Birdman

Birdman and the Idiot President


Part of the charm of the movie "Birdman" is its suggestion that humans can be magic. You might be arguing with your teenage daughter one minute and flying above Manhattan the next, or levitating or causing cars to explode at the snap of your fingers. Of course the magic is fickle. Birdman had to walk around in his underwear when he couldn't get inside the theatre he inadvertently locked himself out of. Still...
Imagination set him free at his darkest moment.

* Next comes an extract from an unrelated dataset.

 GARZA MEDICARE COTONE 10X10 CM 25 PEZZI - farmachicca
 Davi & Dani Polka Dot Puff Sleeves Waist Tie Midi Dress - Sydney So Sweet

Daniel Alarcon, in At Night We Walk in Circles, also uses theatre and the magic of transformation onstage and off. His novel follows the actors in The Idiot President, a show that is touring far flung communities in the Andes, who often fall into the roles that were written for the characters they play, the idiot president, his idiot son, and the servant. Patalarga plays the servant and when Diciembre, the theatre company, arrives in his home village his mother asks him, "if you're putting most of the money into this, why are you playing the servant?"

The boss, playwright and idiot president himself, Henry Nunoz, says "The role comes so naturally to him. It would be a shame to use his talents any other way."

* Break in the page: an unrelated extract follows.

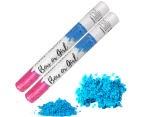 2pcs Confettified Holi Powder Smoke & Confetti Cannon Launcher Popper for Gender Reveal Party 45cm L Blue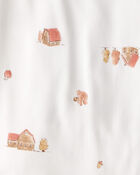 Baby Barn Print PurelySoft Long-Sleeve Multipack Bodysuits - Brown/White, image 5 of 7 slides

Nelson, who plays the idiot son, ends up acting the part of an "actual" old woman's lost son just because she perceives him to be her boy. The mother's other son pays Nelson to do it to keep her happy in her final days.

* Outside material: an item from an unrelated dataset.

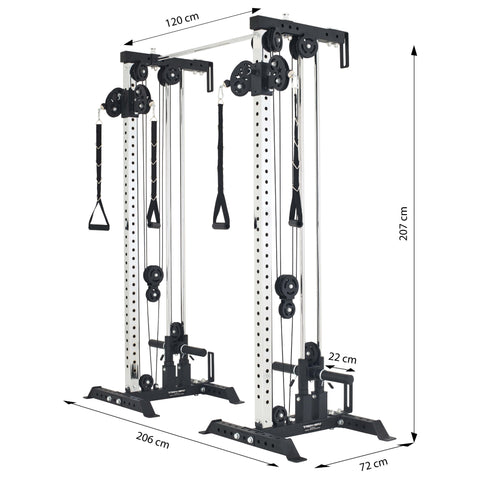Train Hard® Multi Doppel-Latzugturm Set,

Magic realism plays with possibility. If you're playing Birdman, can't you be Birdman? If a woman happens to think you're her son, isn't it possible to become her son? Magic is the power of the imagination. People turn to magic when they are most desperate, about to jump off a building in Birdman's case, and trying to avoid the knowledge that her youngest son is dead in the other.

In another novel, Joy of Man's Desiring a character called Bobi wanders into a silent valley where the residents are afflicted with the leprous malaise experienced by wintry souls in a wintry land. Bobi asks a farmer about his grain. Winter is nearly over and the farmer still has a third of his crop. He has used a third to feed his family, saved a third to sow for the next year. He is thinking of selling the rest. The Ouvèze Valley has been still, no birds at all until Bobi convinces the farmer to spread his remaining grain on the threshing floor. Then, do they ever come! The way Jean Giono describes the various species and their hues and the movement of their wings it's as if someone has scattered a basket of multicoloured sequins on the bleached grain. Such beauty and the awe it inspires in people who thought they would never feel such awe again is a sort of magic realism in itself. Imagine.